En Ituzaingó, un robo de esos que parecen calcados —mientras la casa queda vacía y el barrio hace su rutina— terminó con una campera en primer plano. No cualquier campera: una que Franco Colapinto, el piloto argentino de Fórmula 1, le había regalado a un vecino. La Bonaerense la recuperó tras un operativo que arrancó con cámaras, siguió con el Anillo Digital y cerró con dos detenciones, entre ellas la del sospechoso señalado como jefe de una banda de escruches.
- La víctima volvió a su casa y encontró aberturas forzadas y faltantes de valor, incluida la campera de Colapinto.
- Los sospechosos: tres hombres y una mujer, que se movían en un Citroën C4 gris.
- El Anillo Digital detectó el auto en Lynch y Coronel Maure (Monte Chingolo, Lanús); detuvieron a un hombre de 30 años, chileno.
- Secuestraron el C4 con numeraciones de motor y chasis suprimidas, un celular, herramientas y varios objetos robados.
- Con orden judicial allanaron en Villa Palito (San Justo): una mujer aprehendida y más elementos recuperados.
- La causa quedó caratulada como Robo Agravado por Escruche; interviene la UFI 2 de Ituzaingó.

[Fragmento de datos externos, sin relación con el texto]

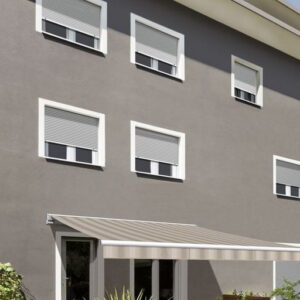 شباك شتر فني المنيوم باكستاني - احمد باكستاني 99619260 - المنيوم الكويت - المنيوم مطابخ - المنيوم - فني المنيوم - تركيب شتر - تصليح شتر - شتر - شترات - معلم شتر - معلم المنيوم - تصليح المنيوم - فني شتر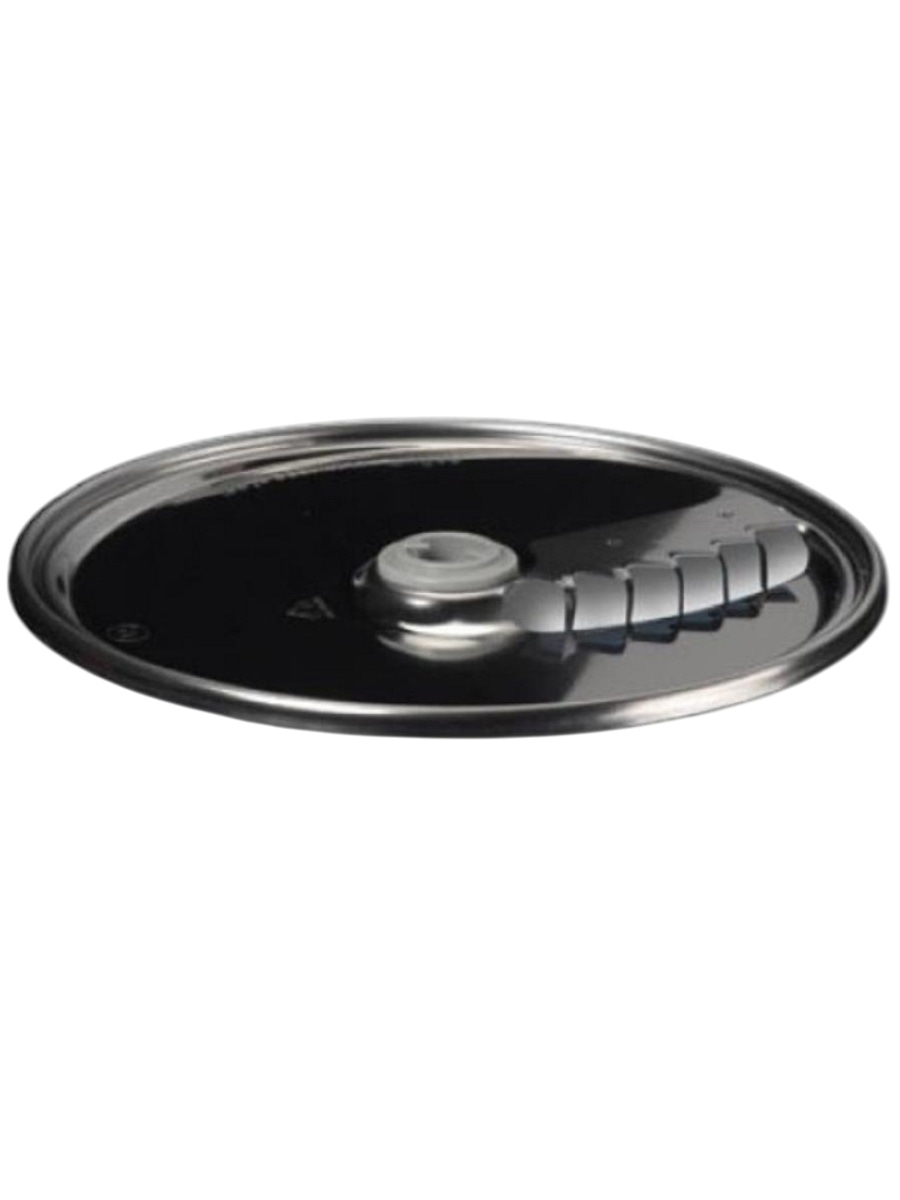 картинка Braun 3210634 Диск для картофеля фри для кухонного комбайна K850, K950, K1000, K1200, K2000, K3000   от магазина Интерком-НН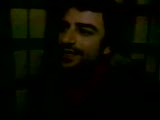 çuka sere dare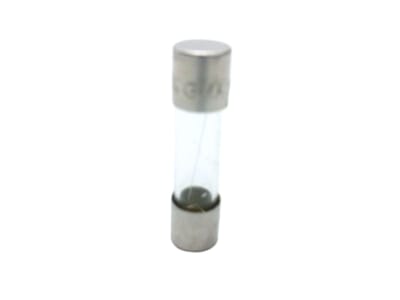 EATON CORPORATION BK/GMA-1.6-R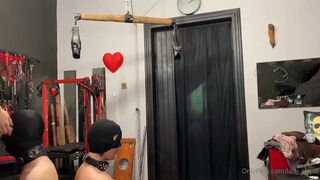 Lady Perse (@lady Shy bitches jerking off shaved cunt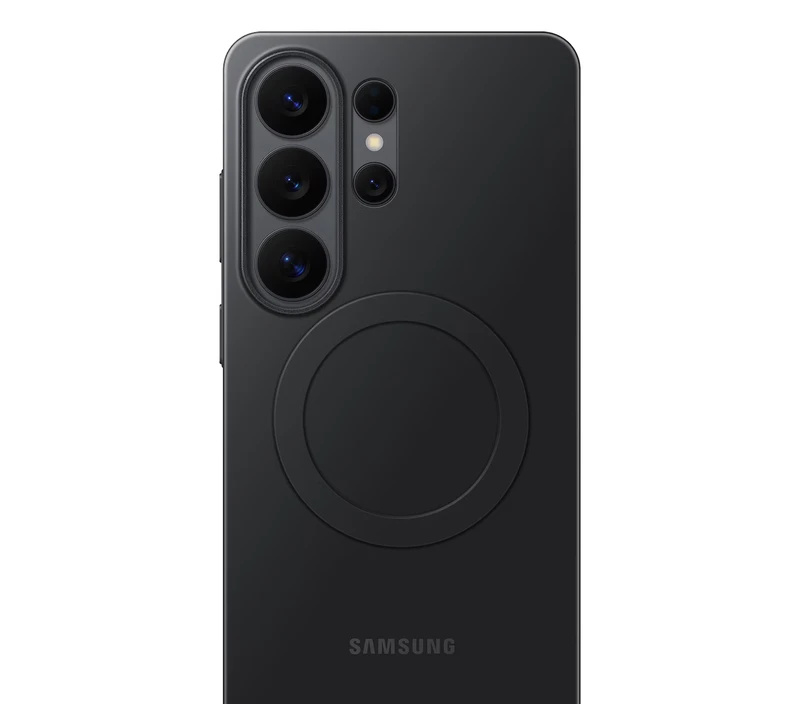 قاب Slim Magnet Case سامسونگ S26ultra (G)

El golpe silencioso en Ituzaingó
El hecho ocurrió días atrás, en el oeste del conurbano. La dueña de casa regresó y encontró las aberturas violentadas. El faltante fue rápido de listar: varios objetos de valor y una campera que Colapinto le había dado el año pasado, durante su etapa con Williams. Un detalle sentimental en medio del inventario frío de cualquier robo.
Las cámaras y un C4 gris
Un repaso de las cámaras de seguridad municipales y privadas armó la primera línea de tiempo. Se vio a tres varones y una mujer llegar y retirarse en un Citroën C4 gris. Con ese dato, la policía activó el Anillo Digital, la red que lee patentes en accesos y calles clave, y el sistema marcó el paso del vehículo por Lynch y Coronel Maure, en Monte Chingolo, Lanús.
La caída en Monte Chingolo
Patrulleros se movieron rápido. En el lugar detuvieron a Ascencio Espinoza J. S., ciudadano chileno de 30 años, sindicado como el líder de la banda. El C4 tenía las numeraciones de motor y chasis suprimidas. Además incautaron un celular, herramientas y varios elementos que, según la pesquisa, habían sido sustraídos ese mismo día. La ubicación de Espinoza en Ituzaingó quedó respaldada por la apertura de antenas de su teléfono, un recurso técnico que en estas causas viene ganando terreno.
Allanamiento en Villa Palito
La pista habilitó otro movimiento. Con orden judicial, efectivos allanaron una vivienda en Villa Palito, San Justo, barrio de La Matanza de calles angostas y pasillos viejos. Allí detuvieron a una mujer vinculada al hecho y recuperaron más objetos robados. Entre lo secuestrado reapareció la campera de Colapinto, esa prenda que había salido de una mano a otra como gesto y terminó convertida en evidencia.
La causa y lo que sigue
El expediente fue caratulado como Robo Agravado por Escruche —la modalidad de entrar a robar cuando no hay nadie en la vivienda—. Interviene la UFI 2 de Ituzaingó. Falta todavía cerrar el círculo sobre el resto de la banda, pero en el barrio ya saben que al menos una campera volvió a casa. Y a veces, en el conurbano, esa vuelta dice más que mil palabras.